It’s morning. Early morning, and I am more awake than ever.
The coffee is brewed and being sipped. The outside cottage porch light is off, an indicator of a new dawn. My bedhead looks FAB. My black shorts comfy. I’ve paid the power and utilities bills … and perused the world headlines.
On my phone, my cousin from Ireland sent a texted about his newborn baby boy, Max. He was early and had to spend a short stay in the ICU. But he is safe and healthy. I do like the name Max. Good on Jock and Laura.
Also my dearest friend Kathy checked in from Nashville … days after losing her beloved almost-twin brother Anthony. I’ve not the details, all I know is that Anthony completed his journey far too soon … and that it was sudden and unexpected, and not of his choice.
I’ve know Anthony since Kathy and I were classmates and best friends in Halandri, Greece. He’s been a presence ever since I was eleven, growing up to be a grand man, husband, father.
Such immense sadness comes with having to write about Tony this way. He was lovely, and I have, through the years, been the recipient of his many great hugs, given with natural warmth of a soul who seemed to have lived a thousand lives.
Οι φίλοι γεννιούνται, δεν γίνονται.
Anthony’s passing is a wound that shall never heal for my friend or anyone who knew him. Kathy is now in a new world. And my purpose in knowing her heart is to give her space, offer her balance as she takes these first steps, and listen when she is ready.
Hang in there Kat. Rest in peace, Tony.
Kat’s message this morning was simple: I love you too. That sentiment was echoed back.
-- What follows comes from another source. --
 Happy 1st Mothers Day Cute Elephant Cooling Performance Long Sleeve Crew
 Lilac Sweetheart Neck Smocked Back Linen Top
Amongst this happiness for my cousin and heartbreak for my sister, I move forward towards an unplanned weekend.
There’s bound to be some golf tour championship viewing in my future. Maybe a stop in at the local to say hello to crew. Perhaps I’ll allow the Universe take the wheel for awhile so I can sit back and enjoy the view from the passenger seat.
I don’t know what story I shall encounter this weekend. I mind not going in to it blindly. I do know that it’s a happy lucky place to be … where I am right now. And I accept it with a humble bow.